Arthritis/rheumatic disorders:
Indications for: FELDENE
Osteoarthritis. Rheumatoid arthritis.
Clinical Trials:
The effectiveness of Feldene has been established for both acute exacerbations and long term management of rheumatoid arthritis and osteoarthritis in controlled clinical trials.
The therapeutic effects of Feldene are seen early in the treatment of both RA and osteoarthritis with a progressive increase in response over 8-12 weeks. Efficacy was measured by pain relief and, when present, a reduction in inflammation.
Doses of Feldene 20mg/day were observed to have a therapeutic effect comparable to therapeutic doses of aspirin, with a lower incidence of minor GI effects and tinnitus.

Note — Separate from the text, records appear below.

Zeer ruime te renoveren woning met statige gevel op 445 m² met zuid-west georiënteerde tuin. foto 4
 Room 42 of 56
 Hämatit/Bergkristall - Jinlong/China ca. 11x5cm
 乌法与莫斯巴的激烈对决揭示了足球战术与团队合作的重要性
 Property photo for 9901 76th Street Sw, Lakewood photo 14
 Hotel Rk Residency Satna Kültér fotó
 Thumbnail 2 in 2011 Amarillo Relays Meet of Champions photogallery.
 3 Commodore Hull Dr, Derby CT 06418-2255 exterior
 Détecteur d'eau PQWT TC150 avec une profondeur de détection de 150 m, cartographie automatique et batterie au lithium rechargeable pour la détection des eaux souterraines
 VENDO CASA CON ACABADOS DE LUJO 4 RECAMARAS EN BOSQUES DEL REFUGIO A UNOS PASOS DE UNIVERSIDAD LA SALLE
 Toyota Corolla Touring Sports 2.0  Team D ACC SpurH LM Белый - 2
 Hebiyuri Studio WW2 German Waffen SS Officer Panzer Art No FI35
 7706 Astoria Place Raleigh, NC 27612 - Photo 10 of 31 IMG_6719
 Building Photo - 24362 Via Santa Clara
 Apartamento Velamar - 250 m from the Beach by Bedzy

Feldene has been administered concomitantly with fixed doses of gold and corticosteroids. The existence of a “steroid sparing” effect has not been adequately studied to date.
Adult Dosage:
Use lowest effective dose for shortest duration. 20mg daily. May give in 2 divided doses.
Children Dosage:
Not established.
FELDENE Contraindications:
Aspirin allergy. Coronary artery bypass graft surgery.
Boxed Warning:
Risk of serious cardiovascular and gastrointestinal events.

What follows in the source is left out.